After research I have found my work exists in very close proximity to ‘AdBusters’ a very well-known movement that works to attempt to stop people from buying so many unneeded products in their lives. This presents a problem that needs to be solved, and I think that an effective way of beating the competition and making my work stand out is to research the messages behind ad busters and seeing what about their work is similar to mine, and then finding a section that I can delve further into that will set my work, and ad busters apart, giving viewers a reason to view my designs over the previous works of organisation like ad busters.

After deconstruction of ad busters, what they do as well as how they do it. I have found that what we are doing is not the same, but the similarities within the ‘how they are doing it’ section are very similar, this means that I need to find a unique point within this section and then push my work further in this direction.

As I am focussing on the visuals of the ad much less than ad busters, the focus on a typographical approach could be focused upon further. A message of ‘buying the typeface, not the product’ interests me, the focus on typography would set my work apart from ad busters as well as allow me to continue to exert my design skills in order to create designs that are flush with fidelity and could still exist within professional grade fashion and lifestyle magazines.

A change in the slogans as well as a larger focus on the typographic elements could see the introduction of slogans such as:

This typeface is only £49, why pay £699 for this?

The visual language of typeface advertisments is prevelent, and can be found quickly on website like behance for research.

A secondary concept could be focussing in more on the idea of masculine and feminine, this has been explored in little detail previously in my first round of experimentation for my faux fashion adverts. The copy writing systems and slogans used previously could be utilised here, the standard looking fashion typefaces used could also be used to help represent femininity, and a bolder, sans serif font could represent masculinity. I could include elements of subversion by having people recognise those stereotypical aspects of the adverts first, then allowing the message the text itself says to say something unexpected and therefore, allow subversion to occur.

I think my second concept has more potential, the first idea would be more specialise, for example if I were to be aiming my designs at those within the design community, the general public may find it harder to recognise the visual language that is associated with typeface advertisements, and thus would spoil the reveal aspect if the more emotional side of viewers brains do not recognise the ads before they are able to read what the text says and examine the advertisement in full.

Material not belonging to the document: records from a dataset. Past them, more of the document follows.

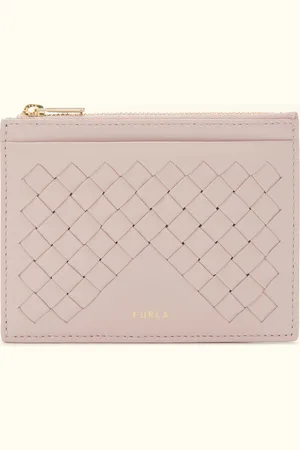 Furla Gerla Tarjetero Corolla Piel De Napa Trenzada + Piel De Napa Mujer
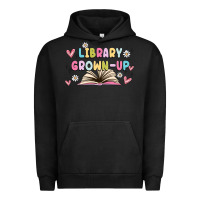 Pigment Black library grown up Urban Hoodie - MaliasSmallBusiness
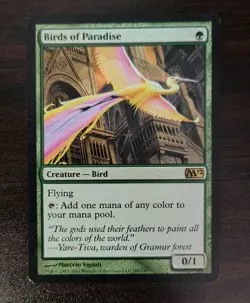 Magic: The Gathering Birds of Paradise M12 Rare - Image 1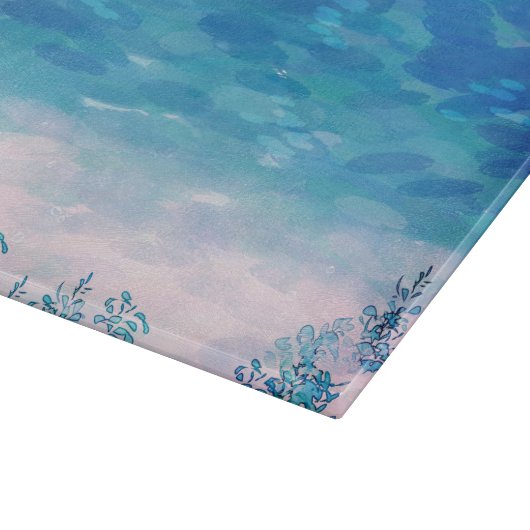 Blauwe Zee Beach  Snijplank (Hoek)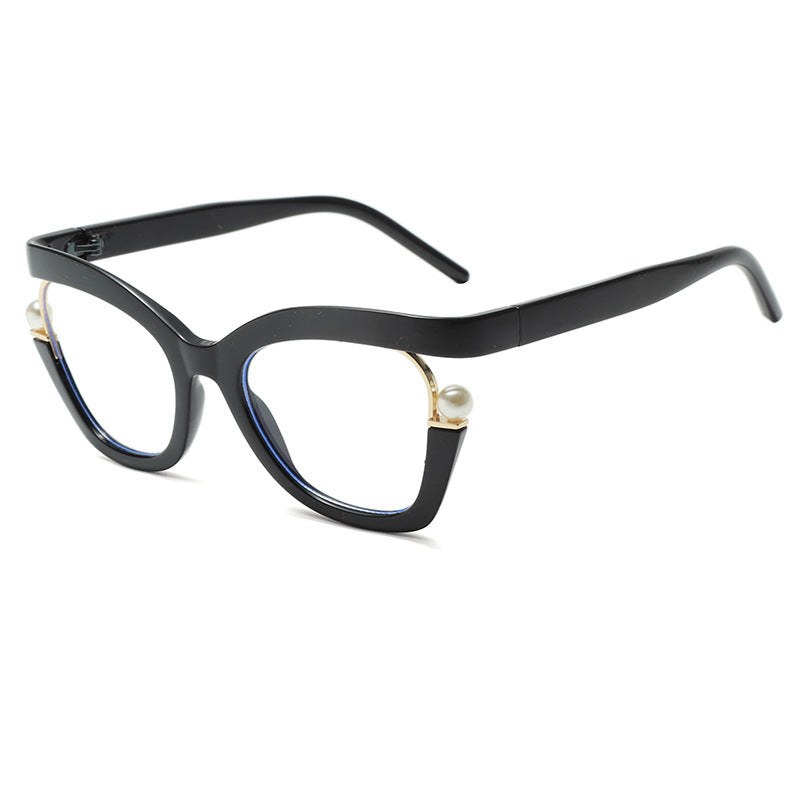 Damen Modische Sonnenbrille mit dezenten Perlendetails Karnz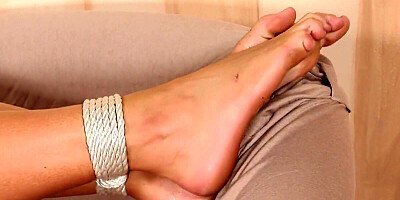 Cali and Natalie are stripped naked, tightly bound and left to struggle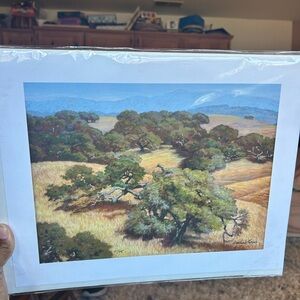 Dotty Hawthorne Giclee COA Signed Numbered Limited Edition Varian Ranch Oaks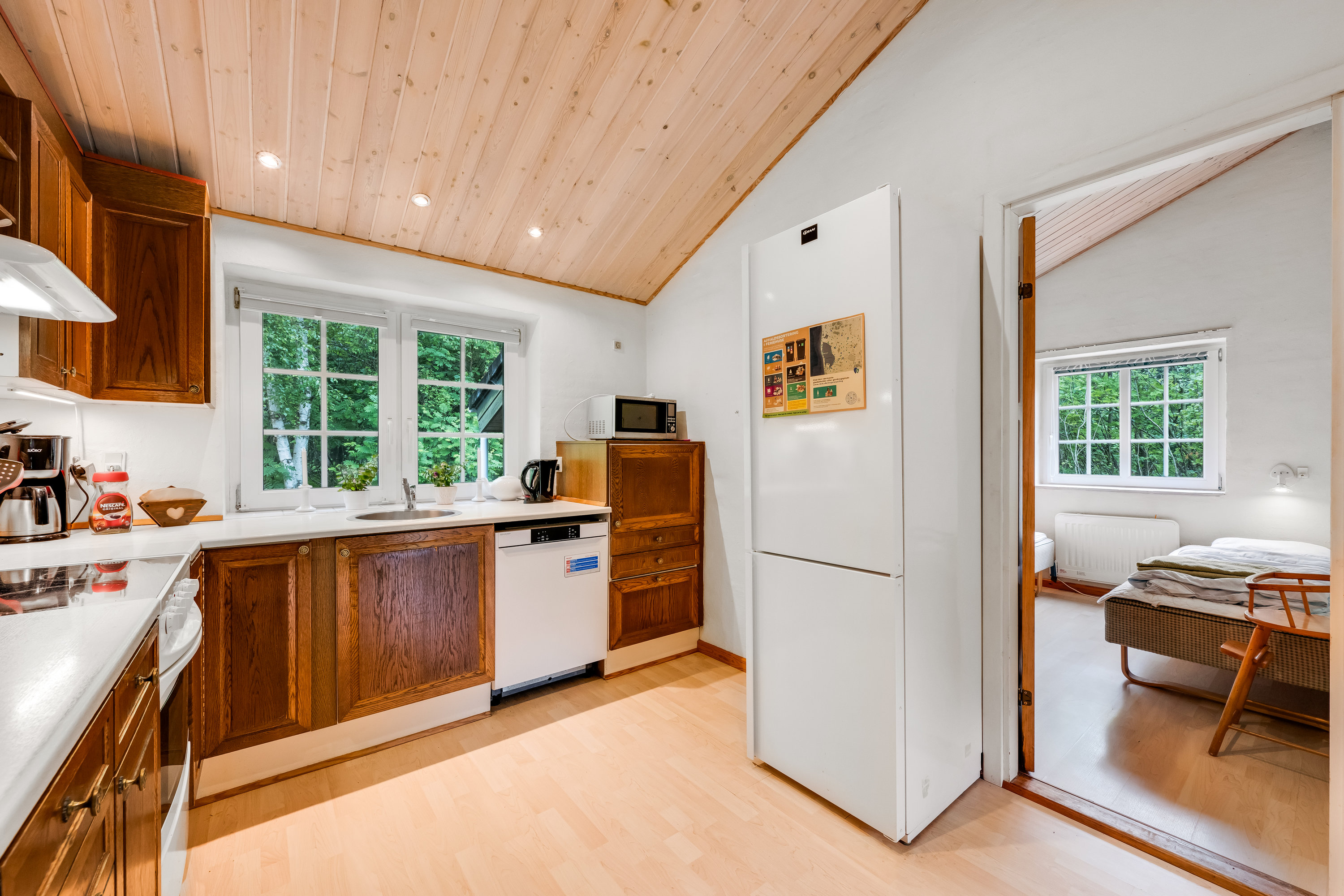 Fremhævet køkken billede i fuldskærmstilstand. Billede af Alrum 1, Stadil, 6980 Tim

Moving further into the second concept, the stereotypical ideas of masculinity and femininity in design are very well researched and extremely well replicable. This concept could be toyed with from a design perspective while remaining in the context of fashion, in general the more branded and often feminine a product is, the more expensive that product will be. The concept could be creating two adverts, both for the same product but having the more branded alternative be marked up at a much higher price, this rather implicitly deals with the issue at hand. Without literally having to say “this typeface makes the product expensive” I would still be able to translate this idea to the viewer, and still have a reveal aspect. Hopefully the viewer would recognise the product in both adverts and they’re own reactions to the pricing of it when scrolling through the magazine would make my concept and the designs a successful critical outcome.